"Sure that was why. Why else do you suppose?"

"I never thought of the stage passing," said the district attorney.

"No, you wouldn't, of course not. I don't see, Arthur, when you made those tracks so careful in the first place you couldn't have kept off the stage trail. It wasn't necessary, and it mighty near put the kibosh on the whole deal."

"I wanted to end the trail in the west fork of the Wagonjack," defended the district attorney. "It seemed like a good place."

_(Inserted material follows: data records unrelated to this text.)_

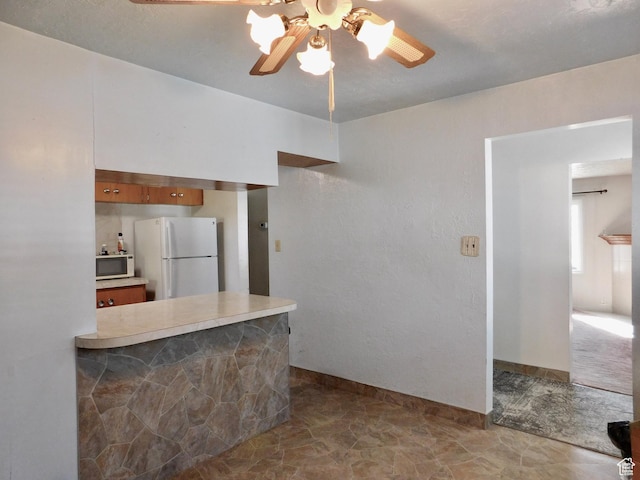 1660 W 700 S, Marriott Slaterville, UT 84404 - kitchen with light countertops, brown cabinetry, ceiling fan, white appliances, and a peninsula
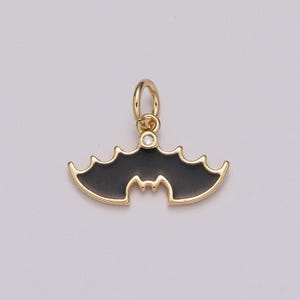 Pingente delicado de morcego em esmalte preto e dourado, com formato de vassoura, perfeito para o Halloween. Ideal para colares, pulseiras e brincos.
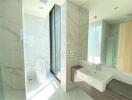 Modern bathroom with large window, marble walls, and freestanding sink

"It was—only for the stage trail being in the way," said Felix warmly. "If that infernal Wildcat Simms had come up half-a-minute earlier he'd seen how those horse tracks lay, same as I did. Oh, lovely! Wouldn't it have been a joke?"

"Well, it ended all right, anyway," offered the district attorney pacifically.

"I didn't like to have that Slike jigger get off that-away," grumbled Sam Larder. "I'd like to see him hung, the lousy murderer! I wish we could have worked it some other way."

"There wasn't any other way," the district attorney hastened to assure him. "We couldn't risk having Slike tried. He'd have snitched on Rafe Tuckleton, sure as fate. It was the only thing for us to do, and you know it."

Sam nodded. "I know, but——" He left the sentence unfinished.

"Now that we've got Dan out of the way," the district attorney pattered on, "we've got to glom onto Bill Wingo, and the sooner the quicker. Me, I'm going out to Walton's to-night and question Hazel some more. You boys don't have to go, you know. I can get hold of somebody, I guess."